WINONA LAKE — Over 300 individuals in the community began their Good Friday April 14, listening to keynote speaker Eric McElvenny share about his experience completing an Ironman Triathlon after losing his leg while being deployed in Afghanistan.
The YMCA hosted the second annual Good Friday breakfast at Christ’s Covenant Church. Individuals in the community were invited to enjoy breakfast followed by an inspiring message from McElvenny.
In December of 2011, McElvenny’s life was forever changed. While completing his third and final deployment in Afghanistan, McElvenny stepped on an IED, which lead to the amputation of his right leg.
“I felt the feeling of control being ripped away from me,” said McElvenny, referring to when he had lost his leg.
During physical therapy after the amputation, McElvenny saw that others had suffered far worse injuries during the war. He then decided he was going to do something and he sent the goal to complete the Ironman Triathlon.
The Ironman triathlon consists of a 2.4 mile swim, a 112 mile bicycle ride and is finished off with a 26.2 mile run; a feat for someone with all their limbs.
McElvenny continued to make progress towards his goal. He learned to walk and run with a prosthetic leg and eight months after his injury, McElvenny finished his first sprint marathon. Shortly after, he qualified for the Ironman World Championship held in Kona, Hawaii.
Through his recovery, McElvenny learned many lessons. He continued to learn the necessity of trusting in God. He found that while deciding to follow Christ doesn’t guarantee a life without bad experiences, it does guarantee that he would have God giving him strength through the bad times. He also decided his wasn’t going to use his injury as an excuse as to why he couldn’t accomplish his goals.

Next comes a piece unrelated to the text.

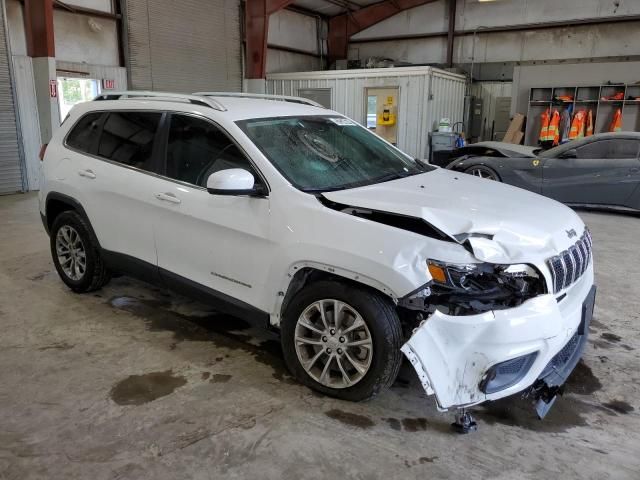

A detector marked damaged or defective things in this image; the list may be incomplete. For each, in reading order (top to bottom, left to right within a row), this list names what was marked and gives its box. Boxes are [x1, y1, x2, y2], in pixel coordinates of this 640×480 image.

McElvenny related his experiences training for the Ironman Triathlon with the challenges individuals face every day.
Twenty-two months after having his leg amputated, McElvenny completed the Ironman Triathlon in Hawaii. McElvenny recalled stopping during the final stretch of the race during the running section. He contemplated giving up and not completing the race. He knew he couldn’t give into the desire to give up. Instead, McElvenny began walking and slowing began to run to the finish line.
“I didn’t get through this challenge, I grew through this challenge,” said McElvenny.
McElvenny resides in San Diego with his wife and three daughters.